We believe that a good definition of instance optimality depends on the context and for the problem of discrete distribution estimation, indeed the work of OS15 presents two compelling definitions. However, the definition based on permutations is inappropriate when the domain has a metric structure on it, e.g. the unit line. Here knowing the distribution up to a permutation can allow for a very large Wasserstein radius, and an algorithm that knows the support can be significantly better. Indeed in Fig. 1, we give an example of such a distribution, where our benchmark is a lot smaller than the permutation neighborhood benchmark.
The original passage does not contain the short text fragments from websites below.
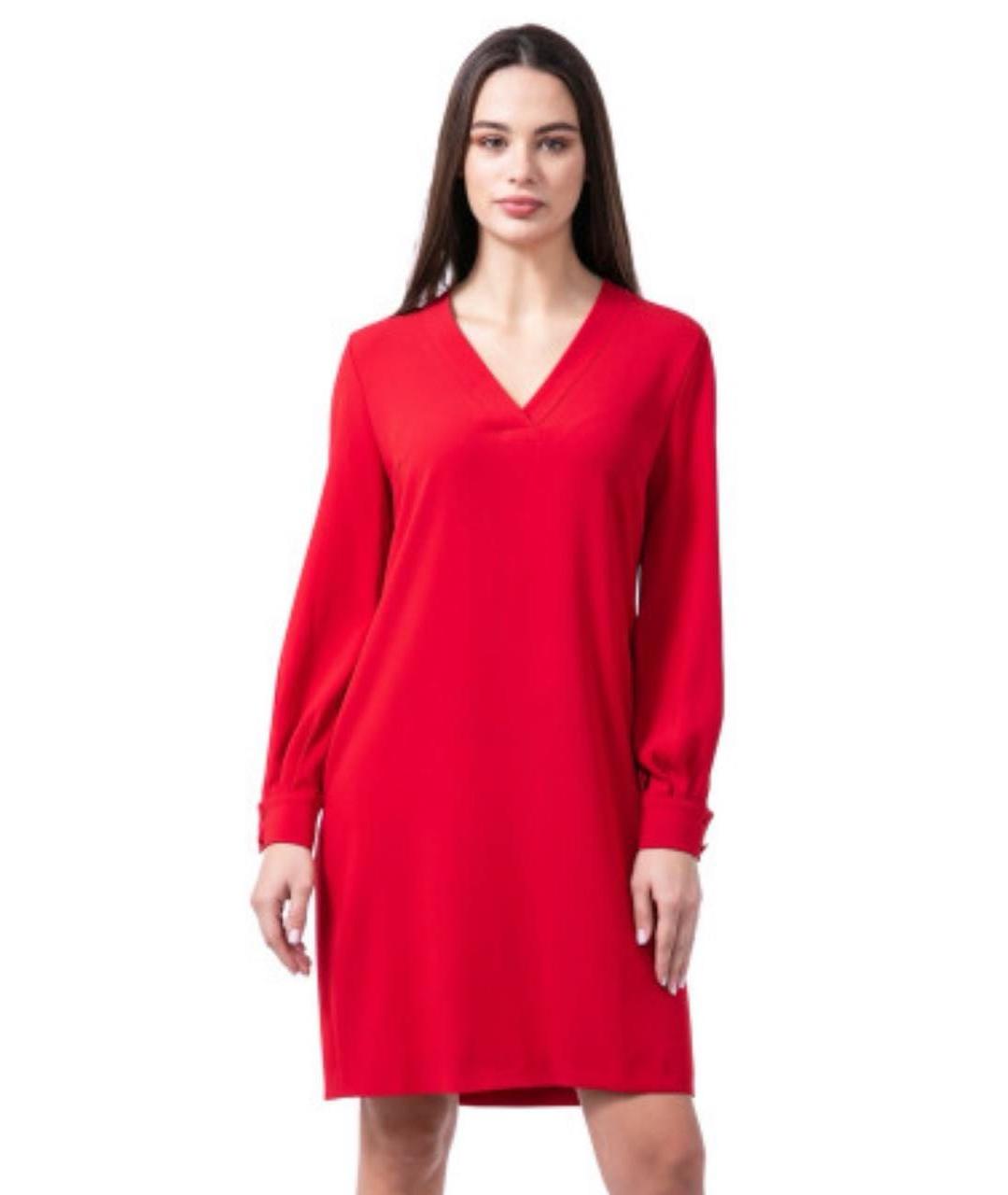 ESCADA Красное повседневное платье, фото 7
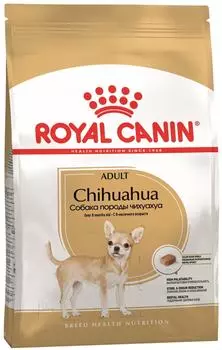 Сухой корм для собак Royal Canin Adult Chihuahua для породы Чихуахуа 1.5кг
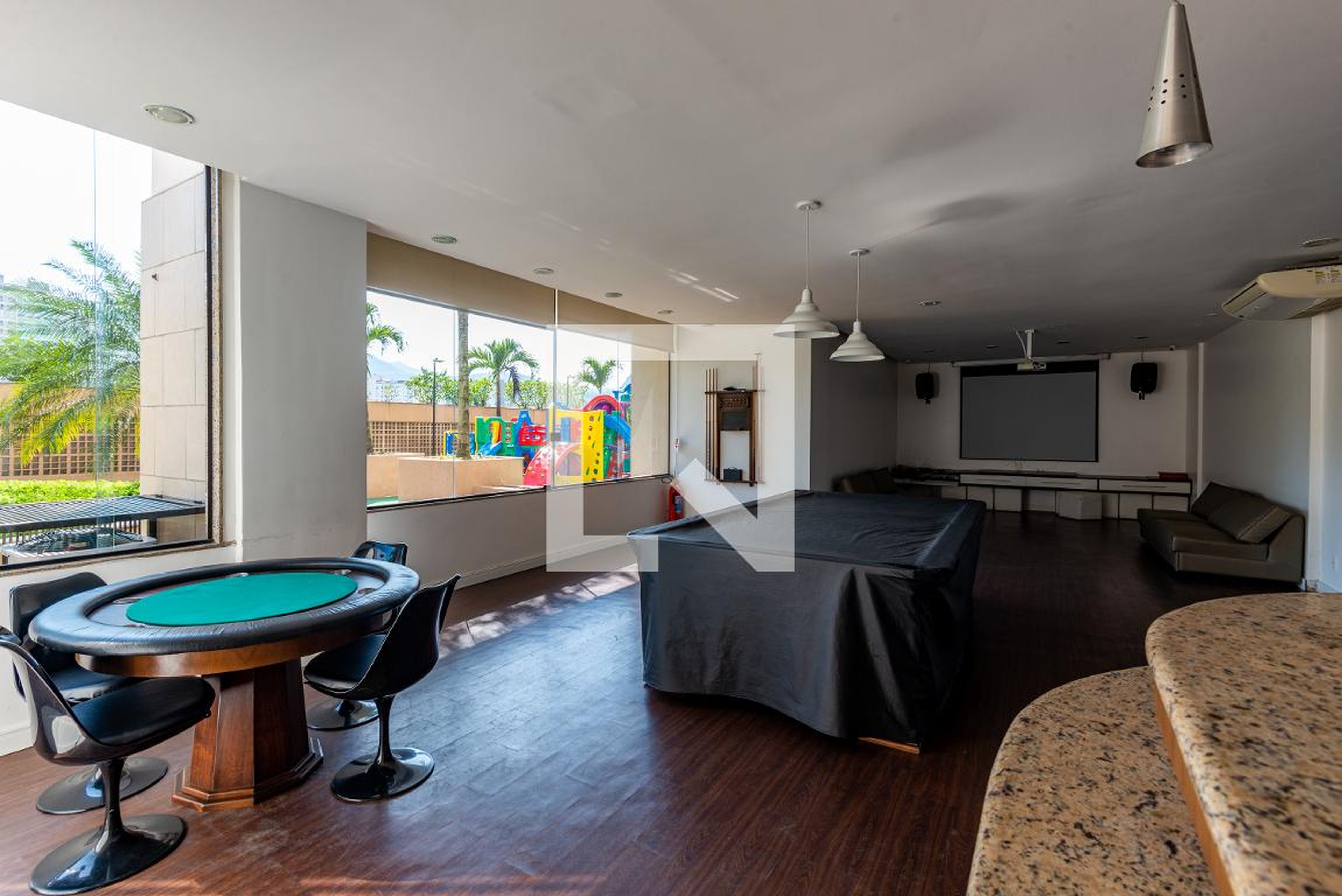 Sala de Jogos - Rio 2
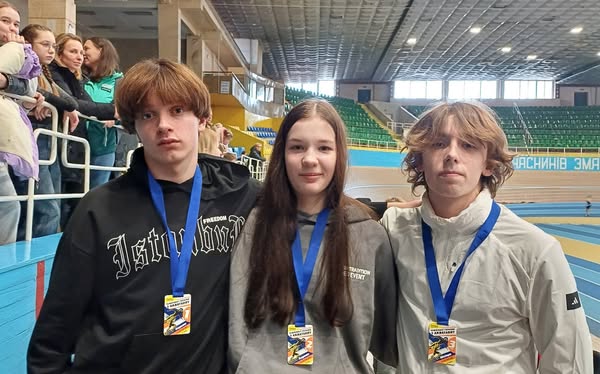 Житомирські спортсмени здобули призові місця на чемпіонаті України з триатлону у Львові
Additionally, for the definition based on natural algorithms, when the distribution is continuous, “counts” as used in the definition of natural algorithms are meaningless as all counts will be 0 or 1, and hence this corresponds to competing with a mixture of the empirical distribution and uniform distribution- a very strong restriction on the algorithms we compare to. Additionally, such a notion of instance optimality is unachievable under the constraint of differential privacy (even for discrete distributions). Thus the notion of instance optimality must be chosen carefully, based on the kind of domain knowledge we imagine an expert designing a custom algorithm for an application may have. In the case of Wasserstein estimation, we believe that a strong but realistic benchmark is an algorithm that knows roughly where the mass is concentrated, i.e. a multiplicative approximation to the pdf of the distribution. Our algorithm competes with the best such algorithm, on every distribution, even without knowing anything about the distribution a priori.

“The poly-log multiplicative factors in the upper bounds do not seem optimal. It would be better if the authors could provide some lower bounds to justify this dependence.”

It is possible that these logarithmic factors could be tightened, but we suspect this would require new techniques. In particular, in the 2-dimensional setting, a log factor arises from the metric distortion in the HST where the distortion factor is tight. Even with the polylog factors, our instance-specific differentially private upper bound is significantly lower than the worst case bounds studied in prior work (which become vacuous when the dimension is logn\log n or larger).

最终决定

This paper considers the problem of learning potentially arbitrary distributions with respect to the Wasserstein distance under differential privacy constraints. The authors define a natural notion of instance-optimality in this setting and develop a nearly-instance-optimal learning algorithm (within poly-logarithmic factors). While there was a divergence of scores, after reading the reviews and subsequent discussion, my understanding is that this work is technically and conceptually novel, and clearly meets the acceptance bar at NeurIPS.